Just four drinks of alcohol during pregnancy can affect alcohol-related behavior in the woman’s children and grandchildren as they grow up, researchers at Binghamton University in New York and South Connecticut University say. Nicole Cameron, Michael Nizhnikov, and colleagues investigated the effects of drinking alcohol during pregnancy from a different perspective.
Scientists at the CDC have already made waves this year when they made it abundantly clear that any alcohol during pregnancy has the potential to damage the fetus such that if the baby is born, he or she could have damage to the brain and other organs consistent with fetal alcohol spectrum disorder. The new research focuses on a different effect of very light drinking during pregnancy, which they feel is important given that between 10 and 15 percent of American women drink at least some alcohol during pregnancy, despite CDC warnings that have existed for years indicating that there was no known safe amount of alcohol in pregnancy.
The new research into alcohol consumption during pregnancy indicates a significantly higher rate of having an alcohol use disorder during adolescence with very light fetal exposure to alcohol. Scientists have believed that prenatal alcohol exposure increases a person’s propensity to drink by “altering the neurophysiological response to the challenge of alcohol,” Medical News Today reports. Now, there is greater evidence to back this claim.
Researchers gave pregnant rats the equivalent of one glass of wine four times during the rat equivalent of the human’s second trimester. After the rats that were prenatally exposed to alcohol were born and matured, they tested the offspring of both genders for water or alcohol consumption. They also tested the prenatally-exposed rats’ offspring. In order to examine sensitivity to alcohol, the researchers looked at the prenatally-exposed rats’ ability to return to standing up from lying down after being given a high dose of alcohol. They did the same for the next generation of offspring as well.

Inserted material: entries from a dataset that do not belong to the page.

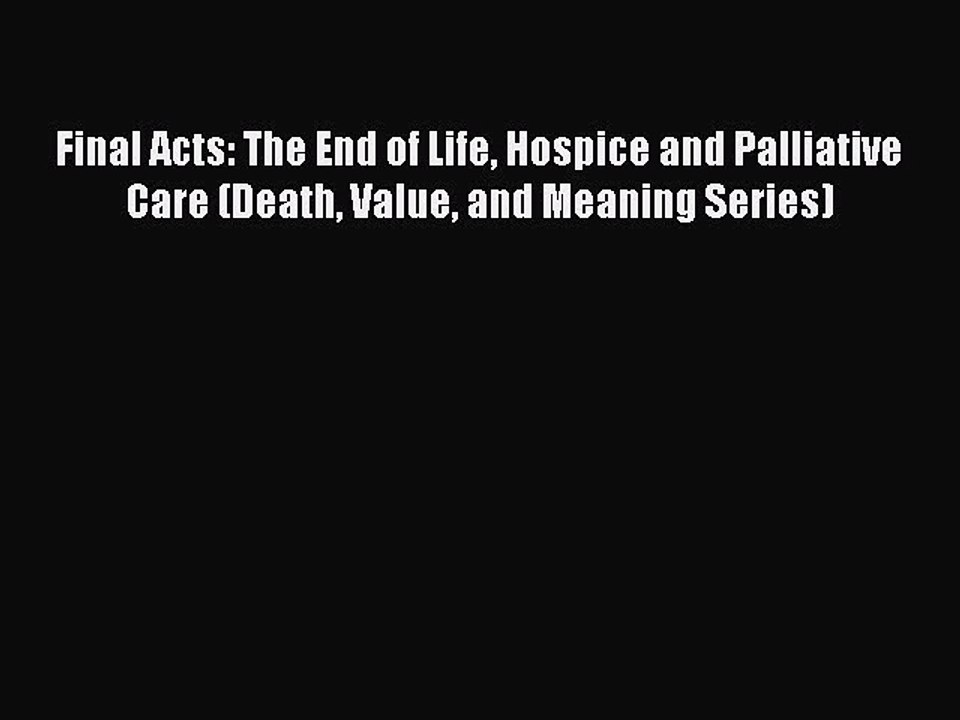 Read Final Acts: The End of Life Hospice and Palliative Care (Death Value and Meaning Series)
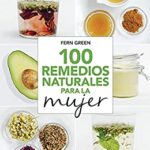 خرید و دانلود نسخه کامل کتاب 100 remedios naturales para la mujer (SALUD) (Spanish Edition) –  +  pdf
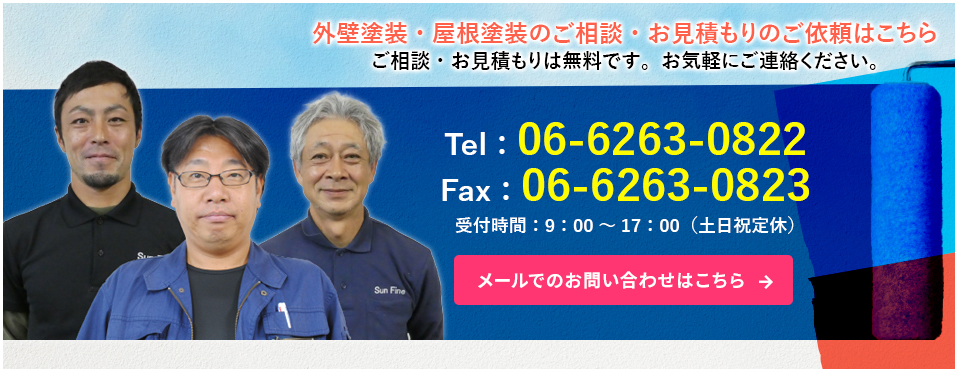 外壁塗装・屋根塗装のご相談・お見積もりのご依頼はこちらご相談・お見積もりは無料です。お気軽にご連絡ください。TEL：06-6263-0822FAX：06-6263-0823受付時間：9：00～17：00（土日祝定休）メールでのお問い合わせはこちら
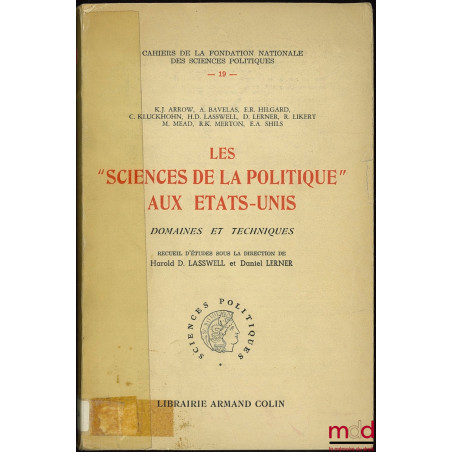 LES SCIENCES DE LA POLITIQUE AUX ÉTATS-UNIS ; The policy sciences in the United States ; Préface de Raymond Aron ; Cahiers de...
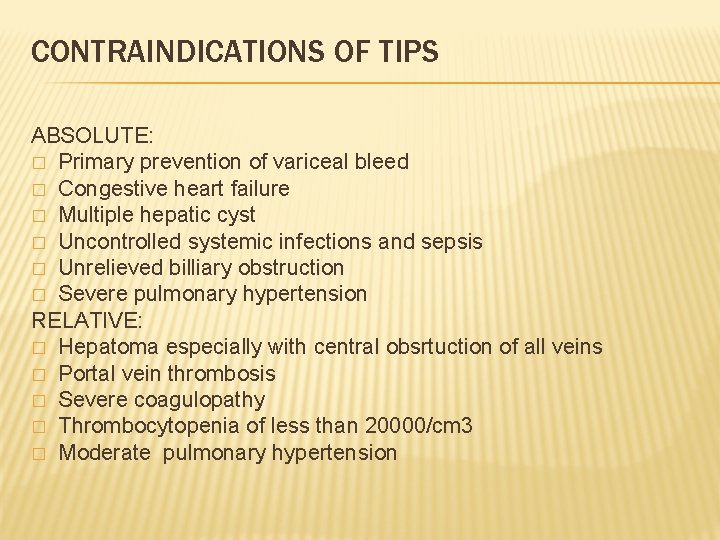 CONTRAINDICATIONS OF TIPS ABSOLUTE: � Primary prevention of variceal bleed � Congestive heart failure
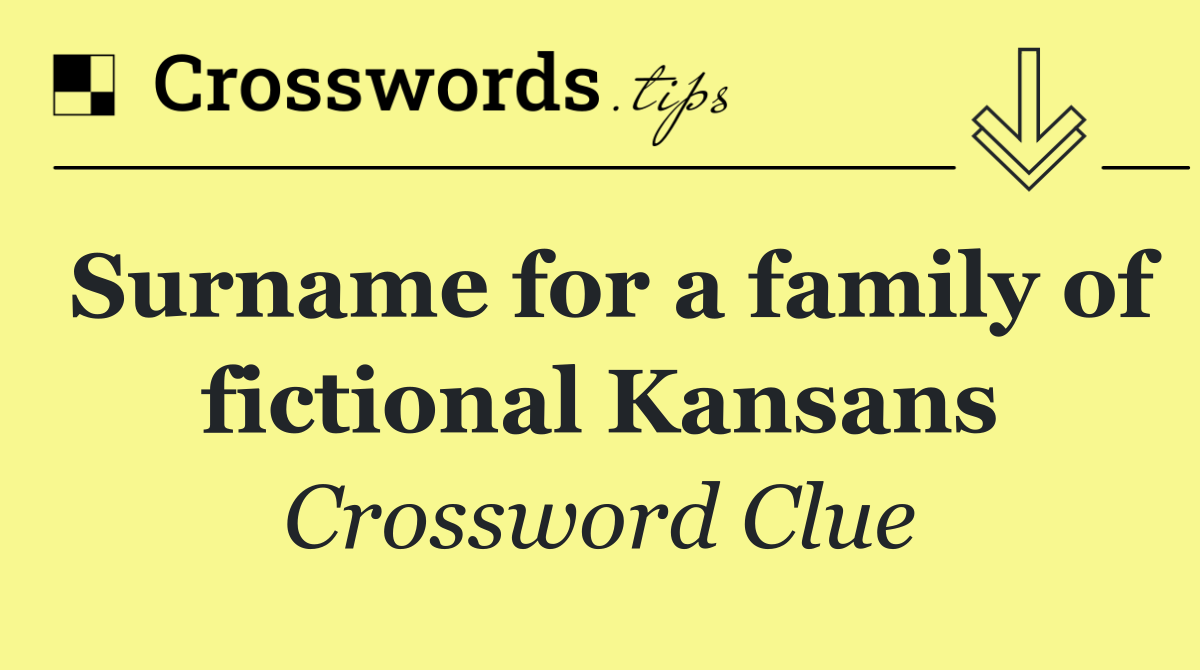 Surname for a family of fictional Kansans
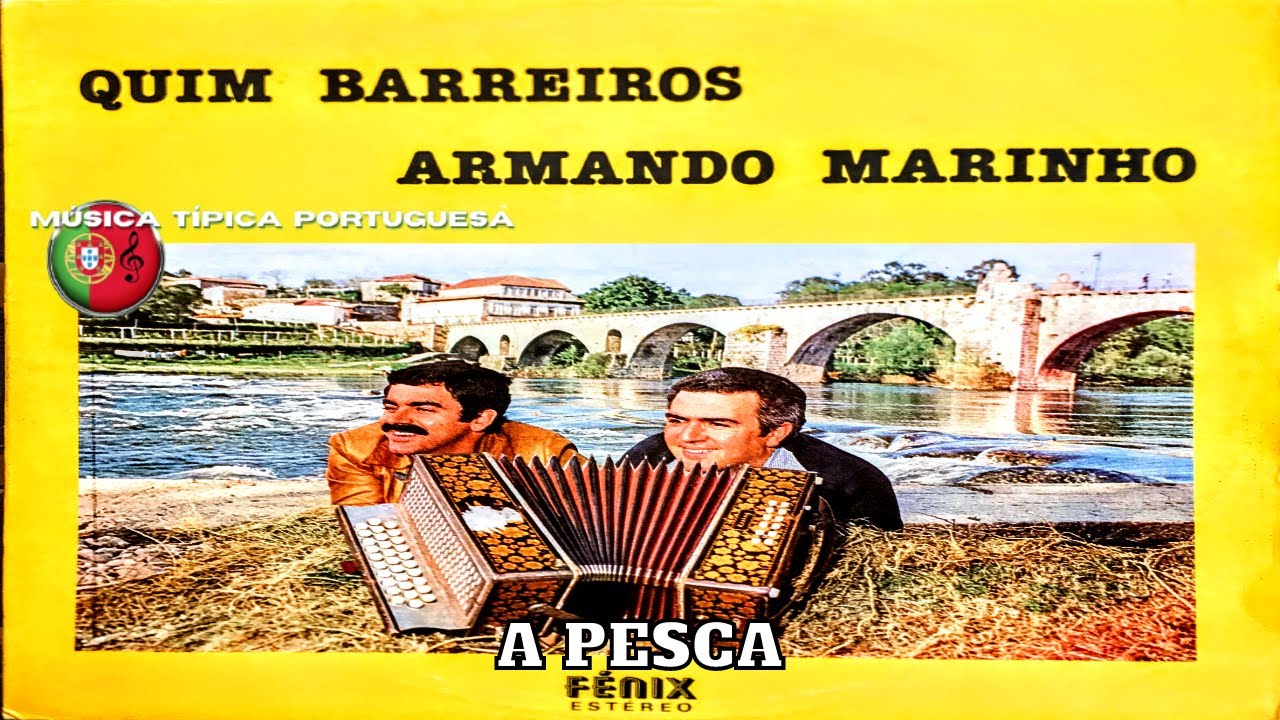 QUIM BARREIROS E ARMANDO MARINHO - A pesca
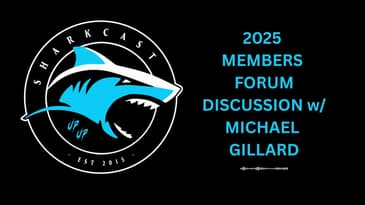 SHARKCAST: 2025 MEMBERS FORUM DISCUSSION WITH MICHAEL GILLARD (9/7/25)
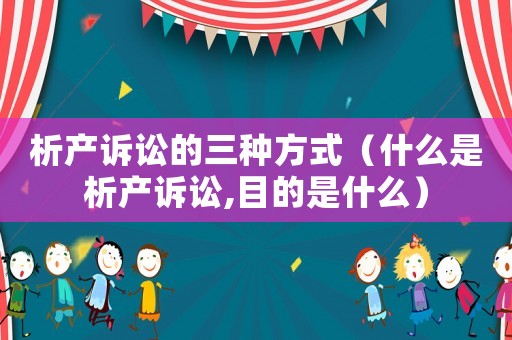 析產(chǎn)訴訟的三種方式（什么是析產(chǎn)訴訟,目的是什么）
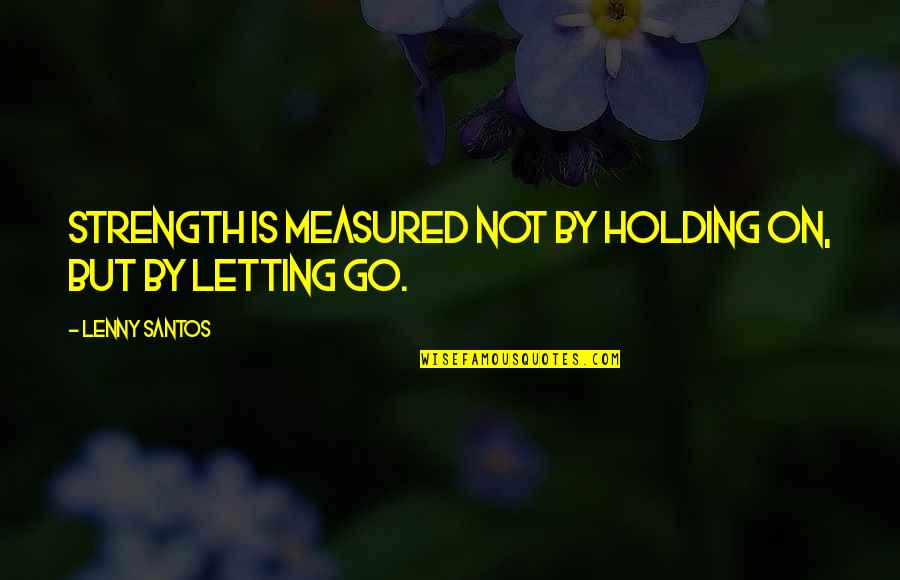 Vatertag Quotes By Lenny Santos: Strength is measured not by holding on, but Vatertag Quotes By Lenny Santos: Strength is measured not by holding on, but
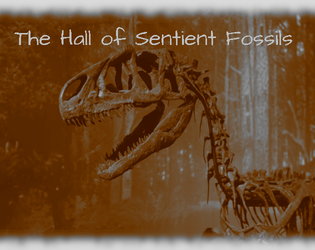 The Hall of Sentient Fossils  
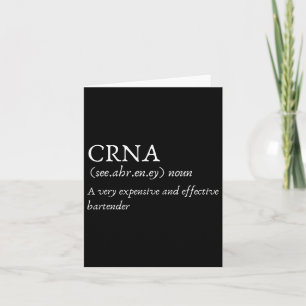 Certified Registered Nurse Anesthetists Crna Funny Card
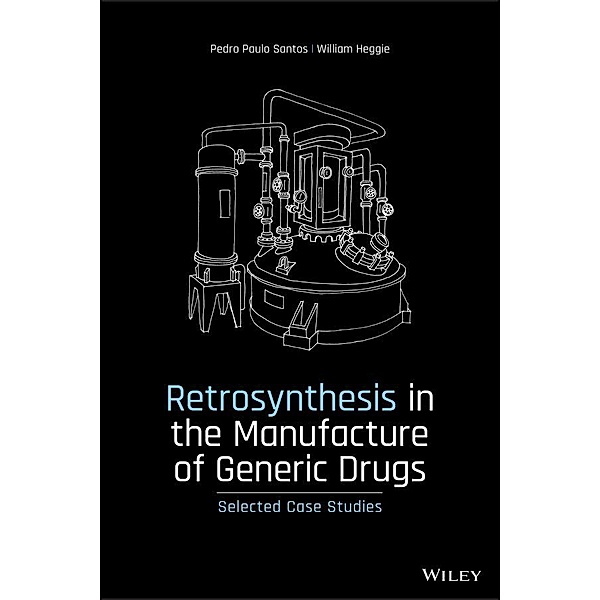 Retrosynthesis in the Manufacture of Generic Drugs, Pedro Paulo Santos, William Heggie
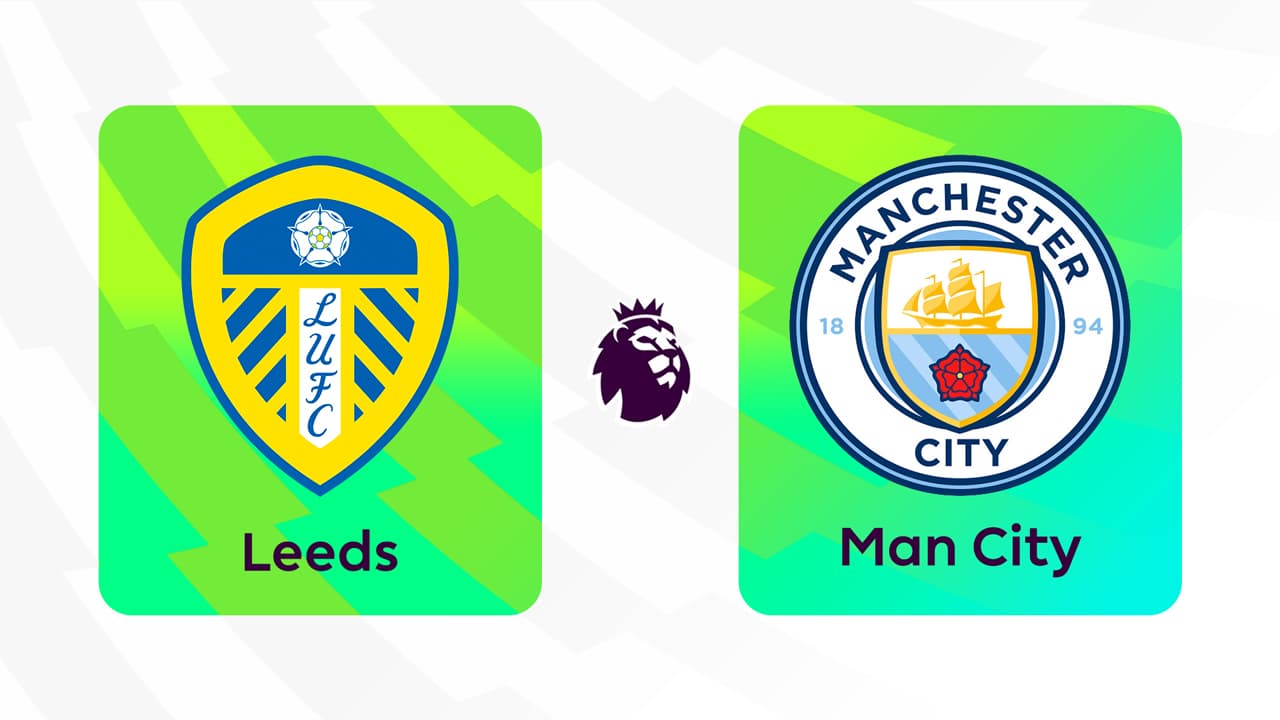 Leeds United vs Manchester City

Rats whose mothers or grandmothers consumed the equivalent of one glass of wine or one standard serving of alcohol just four times during pregnancy both had a preference for consuming alcohol and an increased sensitivity to alcohol, compared to the rats whose mothers or grandmothers did not consume alcohol during pregnancy. The deduction by the researchers is that if a woman drinks even very lightly during the second semester of pregnancy, there is an increased chance that her child and her grandchildren born of that child will become alcoholic or have an alcohol-use disorder.
If a woman drinks during pregnancy, even her grand kids might get addicted.https://t.co/DpoAc9RVT7
— Kiran Kumar S (@KiranKS) February 26, 2016
“Alcohol is a dirty drug that may affect multiple systems. We have selected this period of exposure because, in rats, many important developments take place at that time, including dopaminergic axons from the midbrain reaching the cortical plate and the development of GABAergic neurons in cortical layer IV,” Cameron told Medical News Today. “Since the cortex plays a principal role in mediating ethanol-induced effects, these two events are particularly important in the study of alcohol sensitivity and abuse.”
— Medical News Today (@mnt) February 28, 2016
This is believed to be the first study to examine alcohol-related behaviors over the second or third generation, according to a press release.
“To date, no study has shown a transgenerational effect of prenatal ethanol exposure on ethanol consumption in the second or third generation. Other research investigated the effects of alcohol exposure during pregnancy studied the effects only on the fetuses directly exposed or the effects on cellular activity over multiple generations, but never alcohol-related behaviors over multiple generations.”
Future studies will examine the effects of prenatal alcohol exposure on the the genome and epigenome. A recent study published in the Journal of Neuroscience claimed that the very first time a person is exposed to alcohol, the person experiences a neurological change and the brain stores the memory of the perceived benefits from alcohol permanently. Cameron commented on how this might translate to prenatal exposure, saying, “I expect the effect to be more potent in the fetus,” which could be why a preference for consuming alcohol is seen in prenatally-exposed rats but it is not seen in rats who consume alcohol the first time during their adolescent period.
People with a greater preference for alcohol and a greater likelihood of being less able to maintain their composure while consuming alcohol might find that either their mothers or their grandmothers consumed alcohol during pregnancy during the second trimester, researchers indicate.